FIG. 1 is a block diagram showing a configuration of a frequency converter according to an embodiment of the present invention.

FIG. 2 is a block diagram showing a configuration of a frequency converter according to another embodiment of the present invention.

FIG. 3 is a block diagram showing a configuration of a conventional frequency converter.

FIG. 4 is a diagram showing a spectrum distribution of a pulse-modulated local signal.

FIG. 5 is a diagram showing an operation of the frequency converter according to the embodiment of the present invention. (When RF signal is input)

FIG. 6 is a diagram showing an operation of the frequency converter according to the embodiment of the present invention. (Without RF signal input)

FIG. 7 is a diagram showing an operation of a frequency converter according to another embodiment of the present invention. (When RF signal is input)

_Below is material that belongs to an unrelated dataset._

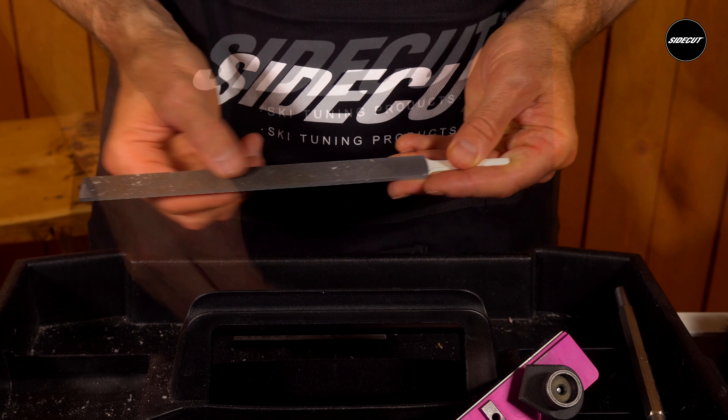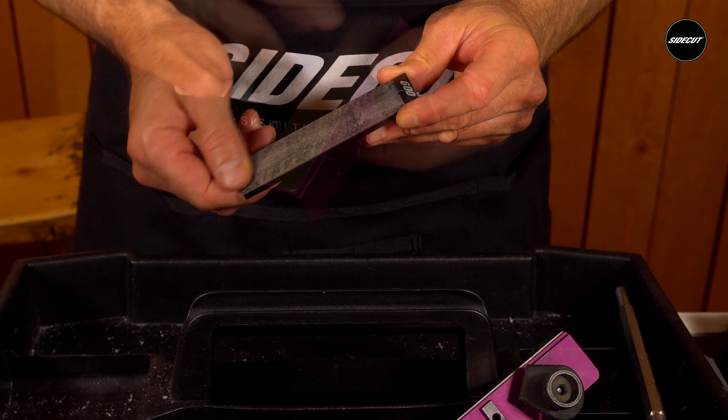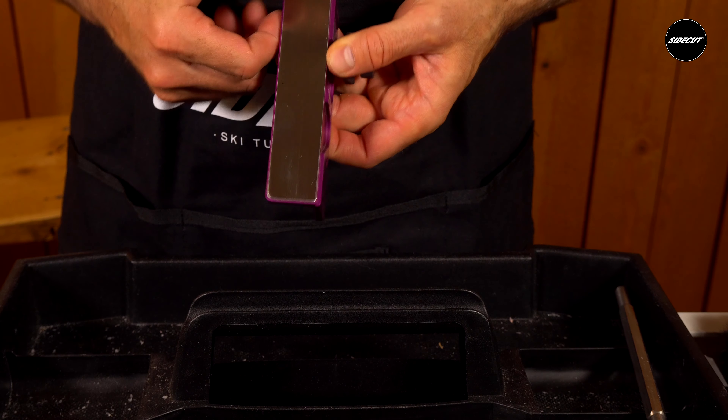Whether you've already been on snow or still waiting for the snow to fall, it's the perfect time to check your tuning gear. Are your files dull or diamond stones worn out? Is the running plate on your file guide scored or dirty? Is there anything in need of repair from last season? Do you have enough wax?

FIG. 8 is a diagram showing an operation of a frequency converter according to another embodiment of the present invention. (Without RF signal input)

[Explanation of symbols]

 1 RF Signal 2 Local Signal 3 IF Signal 4 Local Oscillator 5 Mixer 6 First Mixer 7 Second Mixer 8 First 180 Degree Hybrid 9 Second 180 Degree Hybrid 10 Power Divider

Claims (2)

[Claims] 1. An RF which is an input signal to a frequency converter.
A first 180-degree hybrid that distributes a (Radio Frequency) signal into two signals having opposite phases, a local oscillator that generates a local signal, a power distributor that distributes the local signal to two signals having the same phase, and a first A 180-degree hybrid and a first mixer and a second mixer that perform frequency conversion by using the output of the power divider as an input signal, and the outputs of the first mixer and the second mixer are input to input one of the signals. After phase conversion of 180 degrees, power synthesis and IF
A frequency converter configured with a second 180-degree hybrid that outputs an (Intermediate Frequency) signal. 2. A power distributor that distributes an RF signal, which is an input signal to the frequency converter, into two signals in phase, a local oscillator that generates a local signal, and a local signal into two signals that are opposite in phase to each other. A first 180-degree hybrid, a power divider, and a first mixer that performs frequency conversion using the output of the first 180-degree hybrid as an input signal, a second mixer, the first mixer, and the second mixer. A frequency converter configured with a second 180-degree hybrid that outputs the IF signal by inputting the output of the mixer of FIG.